(INFORMATION SHOWN)

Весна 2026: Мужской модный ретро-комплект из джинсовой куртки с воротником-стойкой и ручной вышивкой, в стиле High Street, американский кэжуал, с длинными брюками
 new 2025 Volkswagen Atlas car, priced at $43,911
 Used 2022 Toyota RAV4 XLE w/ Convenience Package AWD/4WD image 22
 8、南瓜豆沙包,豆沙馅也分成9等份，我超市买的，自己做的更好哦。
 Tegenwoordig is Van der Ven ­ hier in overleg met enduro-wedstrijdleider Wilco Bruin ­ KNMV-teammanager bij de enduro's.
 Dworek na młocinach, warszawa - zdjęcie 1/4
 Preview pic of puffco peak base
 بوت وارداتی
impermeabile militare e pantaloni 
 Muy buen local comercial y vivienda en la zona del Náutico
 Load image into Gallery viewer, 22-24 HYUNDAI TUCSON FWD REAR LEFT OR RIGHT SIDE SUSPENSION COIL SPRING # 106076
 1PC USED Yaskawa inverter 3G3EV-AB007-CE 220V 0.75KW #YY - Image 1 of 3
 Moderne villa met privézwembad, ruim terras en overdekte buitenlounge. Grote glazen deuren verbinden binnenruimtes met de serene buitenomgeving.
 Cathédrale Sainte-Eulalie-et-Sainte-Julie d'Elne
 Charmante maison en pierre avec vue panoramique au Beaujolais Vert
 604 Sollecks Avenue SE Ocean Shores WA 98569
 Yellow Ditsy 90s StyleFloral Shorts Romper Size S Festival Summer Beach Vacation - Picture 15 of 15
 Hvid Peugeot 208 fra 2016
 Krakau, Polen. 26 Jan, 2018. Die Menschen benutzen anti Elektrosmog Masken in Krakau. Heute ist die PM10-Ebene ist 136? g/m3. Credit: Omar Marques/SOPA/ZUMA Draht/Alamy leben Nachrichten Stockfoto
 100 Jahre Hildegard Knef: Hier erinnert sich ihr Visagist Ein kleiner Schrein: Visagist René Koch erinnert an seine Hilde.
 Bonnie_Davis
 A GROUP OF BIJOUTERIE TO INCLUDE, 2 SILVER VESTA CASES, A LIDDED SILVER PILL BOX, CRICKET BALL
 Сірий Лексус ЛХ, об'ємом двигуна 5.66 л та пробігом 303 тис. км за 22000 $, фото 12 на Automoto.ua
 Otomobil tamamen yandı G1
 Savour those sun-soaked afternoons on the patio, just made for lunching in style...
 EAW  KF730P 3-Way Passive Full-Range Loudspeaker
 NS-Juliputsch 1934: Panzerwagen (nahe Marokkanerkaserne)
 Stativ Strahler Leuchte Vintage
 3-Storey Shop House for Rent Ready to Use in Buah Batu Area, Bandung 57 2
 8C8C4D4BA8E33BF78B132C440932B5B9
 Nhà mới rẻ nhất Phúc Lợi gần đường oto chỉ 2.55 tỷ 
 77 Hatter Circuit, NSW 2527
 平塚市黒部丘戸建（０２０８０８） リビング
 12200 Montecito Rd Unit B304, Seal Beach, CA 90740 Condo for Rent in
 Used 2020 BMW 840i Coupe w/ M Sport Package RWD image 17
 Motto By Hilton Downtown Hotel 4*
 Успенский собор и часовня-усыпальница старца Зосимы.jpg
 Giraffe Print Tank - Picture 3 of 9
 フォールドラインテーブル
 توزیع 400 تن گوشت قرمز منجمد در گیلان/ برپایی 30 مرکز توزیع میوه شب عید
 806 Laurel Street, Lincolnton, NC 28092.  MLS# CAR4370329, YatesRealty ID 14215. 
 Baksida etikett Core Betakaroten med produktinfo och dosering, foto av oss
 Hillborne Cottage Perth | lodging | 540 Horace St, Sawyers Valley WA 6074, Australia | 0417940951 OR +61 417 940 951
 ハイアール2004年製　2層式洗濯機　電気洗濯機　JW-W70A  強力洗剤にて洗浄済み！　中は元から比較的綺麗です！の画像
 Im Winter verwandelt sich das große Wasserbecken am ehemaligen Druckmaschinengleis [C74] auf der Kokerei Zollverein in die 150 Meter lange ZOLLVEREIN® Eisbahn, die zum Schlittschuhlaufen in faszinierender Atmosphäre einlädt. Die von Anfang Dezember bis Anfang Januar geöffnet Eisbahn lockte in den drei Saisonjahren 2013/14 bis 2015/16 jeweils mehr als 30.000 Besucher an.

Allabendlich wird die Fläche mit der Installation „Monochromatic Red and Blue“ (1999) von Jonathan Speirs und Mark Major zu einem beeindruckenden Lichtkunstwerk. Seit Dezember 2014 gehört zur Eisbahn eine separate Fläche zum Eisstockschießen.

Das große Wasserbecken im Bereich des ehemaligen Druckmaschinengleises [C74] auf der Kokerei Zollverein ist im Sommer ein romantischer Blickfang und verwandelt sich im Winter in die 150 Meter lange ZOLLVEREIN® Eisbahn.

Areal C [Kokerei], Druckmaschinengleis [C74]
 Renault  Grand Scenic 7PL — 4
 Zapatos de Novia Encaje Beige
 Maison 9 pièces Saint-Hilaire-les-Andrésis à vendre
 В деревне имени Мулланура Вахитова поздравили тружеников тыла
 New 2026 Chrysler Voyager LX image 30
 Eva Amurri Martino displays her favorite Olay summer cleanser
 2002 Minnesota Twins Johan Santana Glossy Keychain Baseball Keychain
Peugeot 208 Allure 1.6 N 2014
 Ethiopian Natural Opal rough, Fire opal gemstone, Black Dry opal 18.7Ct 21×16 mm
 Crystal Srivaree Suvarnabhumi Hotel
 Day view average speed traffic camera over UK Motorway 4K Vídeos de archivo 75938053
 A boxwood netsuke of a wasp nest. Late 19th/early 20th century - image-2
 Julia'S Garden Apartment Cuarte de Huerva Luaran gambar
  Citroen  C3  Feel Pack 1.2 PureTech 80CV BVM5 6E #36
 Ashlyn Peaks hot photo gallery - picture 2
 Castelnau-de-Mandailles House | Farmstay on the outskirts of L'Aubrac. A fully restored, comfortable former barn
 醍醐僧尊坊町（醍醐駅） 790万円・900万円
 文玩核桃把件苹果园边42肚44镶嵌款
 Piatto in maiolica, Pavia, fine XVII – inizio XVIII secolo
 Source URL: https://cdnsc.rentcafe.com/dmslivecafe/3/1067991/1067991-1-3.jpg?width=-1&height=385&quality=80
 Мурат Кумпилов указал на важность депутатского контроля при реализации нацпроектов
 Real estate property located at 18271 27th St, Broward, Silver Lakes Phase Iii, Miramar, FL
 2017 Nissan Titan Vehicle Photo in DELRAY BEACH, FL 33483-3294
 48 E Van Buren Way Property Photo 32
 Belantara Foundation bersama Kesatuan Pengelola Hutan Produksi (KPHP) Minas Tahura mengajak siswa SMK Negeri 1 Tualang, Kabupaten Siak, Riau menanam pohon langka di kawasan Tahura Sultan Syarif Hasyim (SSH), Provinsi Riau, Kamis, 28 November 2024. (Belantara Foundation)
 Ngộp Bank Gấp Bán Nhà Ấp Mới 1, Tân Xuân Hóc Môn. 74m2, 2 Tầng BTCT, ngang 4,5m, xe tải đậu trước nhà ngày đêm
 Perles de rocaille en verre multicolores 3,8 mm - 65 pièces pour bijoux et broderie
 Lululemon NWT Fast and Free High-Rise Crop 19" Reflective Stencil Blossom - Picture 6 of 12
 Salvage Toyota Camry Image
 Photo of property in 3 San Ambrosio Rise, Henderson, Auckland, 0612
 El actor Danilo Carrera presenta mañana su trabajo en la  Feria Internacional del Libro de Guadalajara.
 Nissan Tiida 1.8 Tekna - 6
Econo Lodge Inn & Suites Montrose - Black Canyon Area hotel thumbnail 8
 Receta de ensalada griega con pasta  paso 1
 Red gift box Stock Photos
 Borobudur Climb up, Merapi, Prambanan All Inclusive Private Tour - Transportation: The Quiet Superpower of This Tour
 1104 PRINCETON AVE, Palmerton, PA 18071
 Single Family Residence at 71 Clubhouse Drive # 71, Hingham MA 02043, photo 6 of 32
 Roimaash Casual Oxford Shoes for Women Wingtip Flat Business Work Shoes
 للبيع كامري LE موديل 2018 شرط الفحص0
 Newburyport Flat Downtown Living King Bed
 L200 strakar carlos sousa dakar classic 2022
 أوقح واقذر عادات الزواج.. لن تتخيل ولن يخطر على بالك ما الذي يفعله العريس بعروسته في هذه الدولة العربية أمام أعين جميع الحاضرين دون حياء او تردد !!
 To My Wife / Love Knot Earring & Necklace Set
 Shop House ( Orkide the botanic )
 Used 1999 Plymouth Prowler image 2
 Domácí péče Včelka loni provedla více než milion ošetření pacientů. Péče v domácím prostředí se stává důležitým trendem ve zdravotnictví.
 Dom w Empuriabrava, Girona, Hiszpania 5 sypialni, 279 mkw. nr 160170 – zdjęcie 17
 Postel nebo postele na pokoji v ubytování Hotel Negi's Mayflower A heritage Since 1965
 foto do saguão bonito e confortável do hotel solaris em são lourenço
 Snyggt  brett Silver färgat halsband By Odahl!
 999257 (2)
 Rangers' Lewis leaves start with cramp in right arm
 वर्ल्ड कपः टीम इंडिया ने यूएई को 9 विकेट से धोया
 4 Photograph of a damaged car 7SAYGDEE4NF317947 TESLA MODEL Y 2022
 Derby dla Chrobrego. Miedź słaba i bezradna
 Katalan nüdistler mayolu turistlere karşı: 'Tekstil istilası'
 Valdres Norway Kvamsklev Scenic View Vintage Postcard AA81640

(End INFORMATION SHOWN)

### INSTRUCTIONS FOR THE TASK
From the material above, state how many lines hold the word "Eisbahn", giving nothing but the number.

### COMPLETED TASK
3